Type the data below again exactly. Omit all pictures.

DATA »

* * * * * * * * *

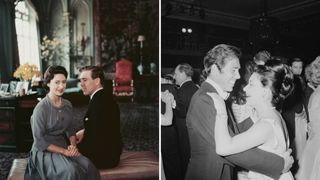 Two photos of Princess Margaret with Antony Armstrong-Jones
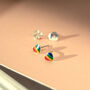 Sterling Silver Rainbow Enamel Heart Stud Earrings, thumbnail 2 of 7
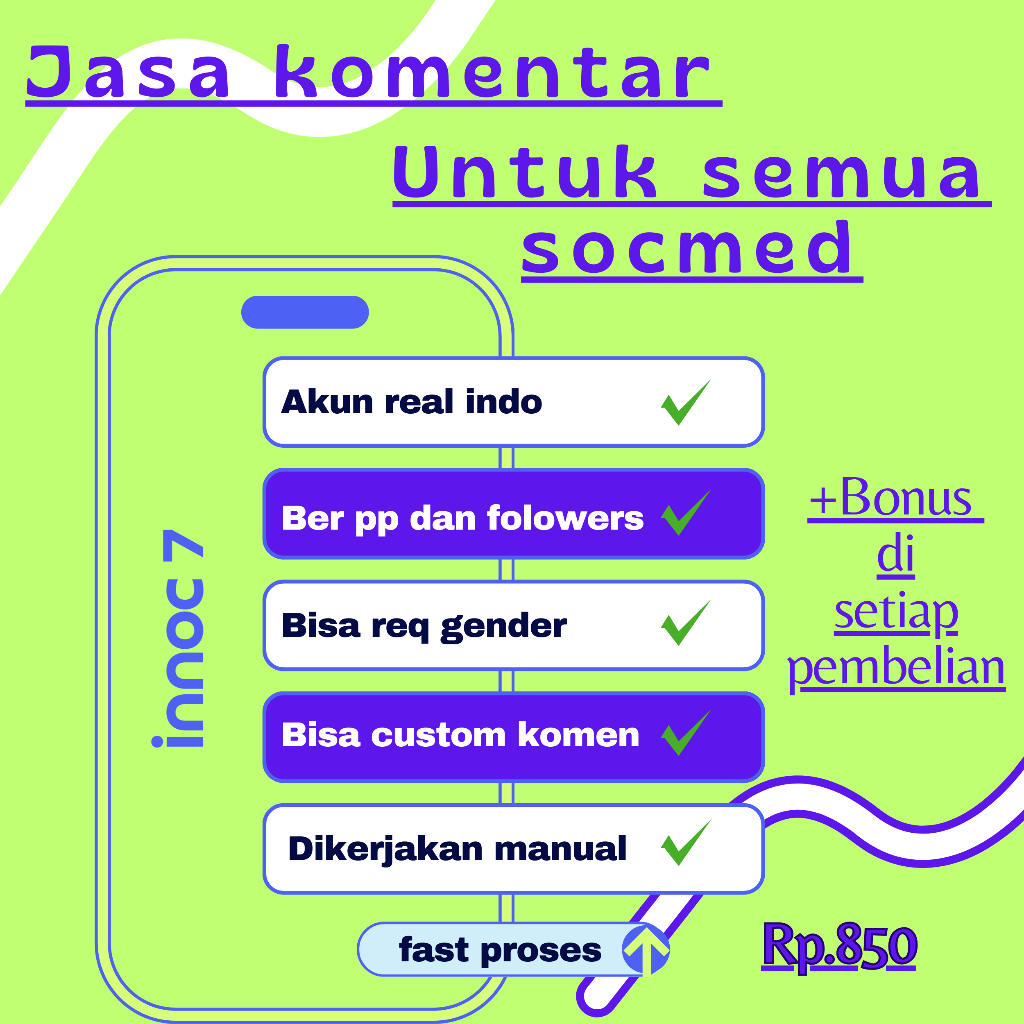 Jasa komen Indo ALL Sosmed tiktok instagram youtube facebook twiter/x threads Real Indonesia Permane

* * * * * * * * *

WRITTEN SOLUTION »
 Two photos of Princess Margaret with Antony Armstrong-Jones
 Sterling Silver Rainbow Enamel Heart Stud Earrings, thumbnail 2 of 7
 Jasa komen Indo ALL Sosmed tiktok instagram youtube facebook twiter/x threads Real Indonesia Permane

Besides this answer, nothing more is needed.